Aflatoxins are structurally-related difuranocoumarin derivatives, some of which are mutagenic and carcinogenic in humans and animals [89, 87]. These toxins are widely distributed in nature. Because atmospheric humidity and moisture content of plants are important factors in determining growth of, and toxin production by, these moulds, contamination of crops occurs mainly in tropical and sub-tropical climates with high humidity and temperature. These conditions exist in sub-Saharan Africa, the Asia Pacific region, and parts of South America. Contamination is particularly likely to occur in subsistence farming communities in regions with these climates and where regulations to control exposure to the fungi are either non-existent or unenforceable in practice.

In these regions, the moulds contaminate a variety of staple foods, especially maize and groundnuts [89, 34, 87]. Because most rural dwellers can afford only limited food variation, these staples make up a significant portion of their diets. Contamination of crops with aflatoxins occurs either during their growth or as a result of their storage under conditions that promote fungal growth and toxin production [31, 32, 33]. Exposure begins in utero as a result of trans-placental transmission of the toxins [86] and in the postnatal period as a result of breast-feeding [85], and continues throughout life.
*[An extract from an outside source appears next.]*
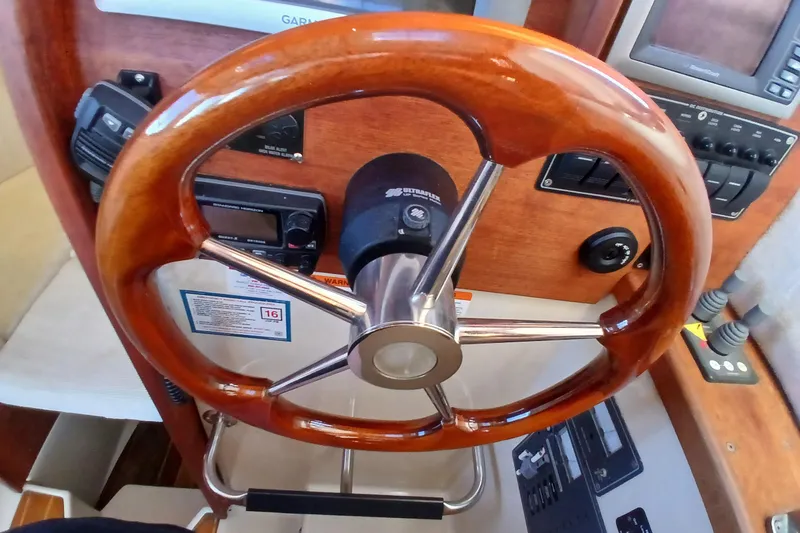 Slide: The Image of 2009 Ranger Tugs R-25 boat helm with wooden steering wheel and control panel. - 28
Exposure increases with increasing age - for example, in Malaysia evidence of exposure was more common in the population aged 31 to 50 years than that aged 18 to 30 years [46].

Approximately 4.5 billion of the world’s population are believed to be exposed to aflatoxins [88]. Between 25,200 new cases of HCC each year (or 4.6% of all cases of the tumour worldwide) and 155,000 new cases each year (or 28.2% of all cases of the tumour world wide) may be attributed to this exposure [51]. It has been estimated that aflatoxins play a causative role in at least 4.6% and at most 28.2% of all cases of HCC worldwide [51]. These large ranges stem from the considerable uncertainty and variability in data on cancer potency factors, HBV prevalence, aflatoxin exposure, and other risk factors [51].
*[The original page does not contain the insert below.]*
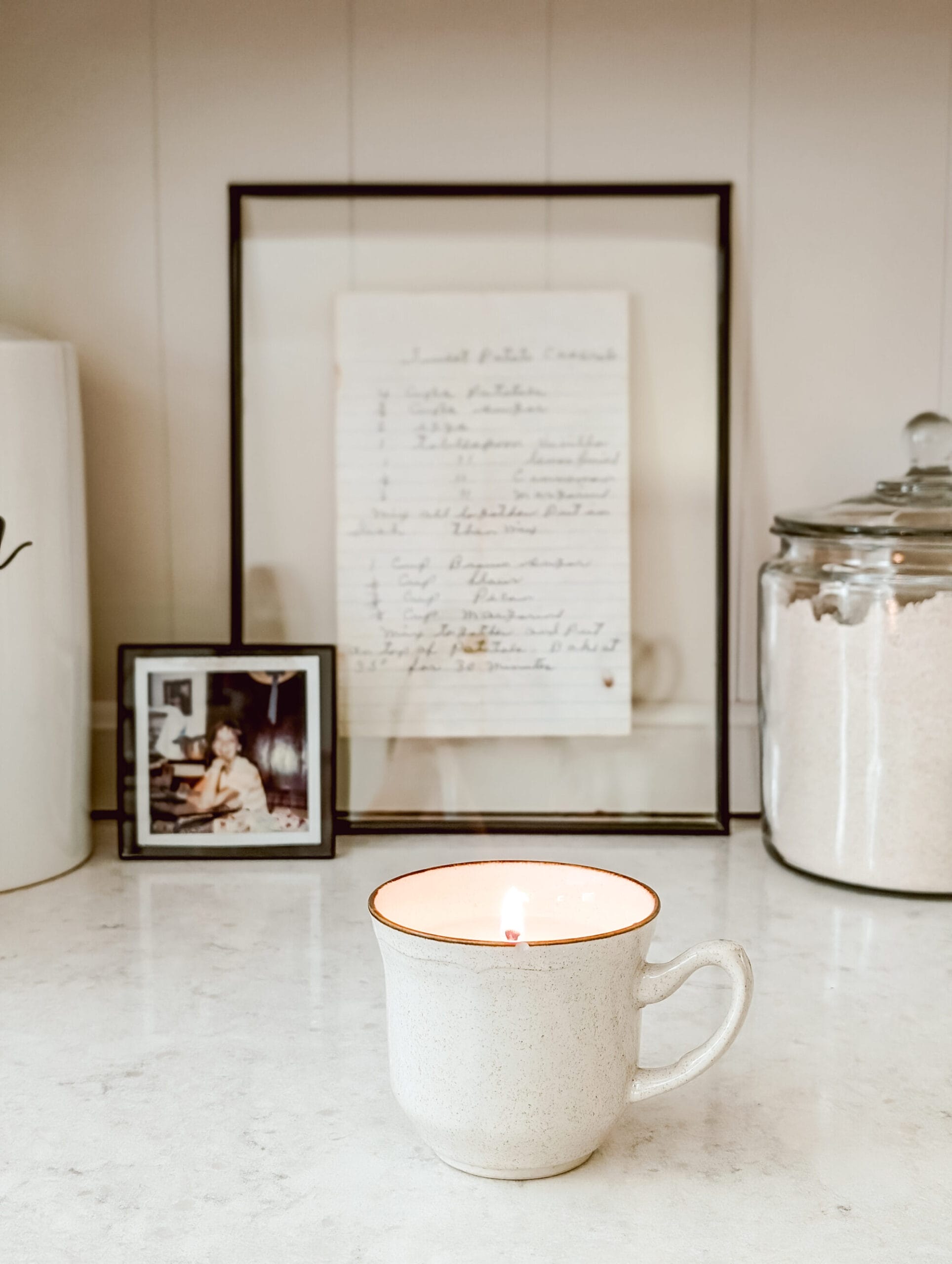DIY vintage teacup candle in a which speckled cup with a brown rim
Although the parent aflatoxin molecule is harmless, it is converted by members of the cytochrome 450 superfamily into electrophilic intermediates that are mutagenic and carcinogenic [90, 87, 40, 71]. Of the four naturally occurring aflatoxins, aflatoxin B1 (AFB1), B2, G1 and G2, toxigenic strains of A. flavus typically produce only aflatoxins B1 and B2, whereas most strains of A. parasiticus produce all of the aflatoxins [18]. AFB1 is the most potent experimental hepatocarcinogen known to man -- no animal model exposed to the toxin thus far has failed to develop HCC. AFM1, the hydroxylation product of AFB1, is found in milk and milk products when animals intended for dairy production consume aflatoxin-contaminated feed [70]. In rodents exposed to AFB1 in equivalent doses to those occurring in humans, levels of aflatoxin adduct in the serum have correlated with levels of hepatic DNA damage and with development of HCC [83].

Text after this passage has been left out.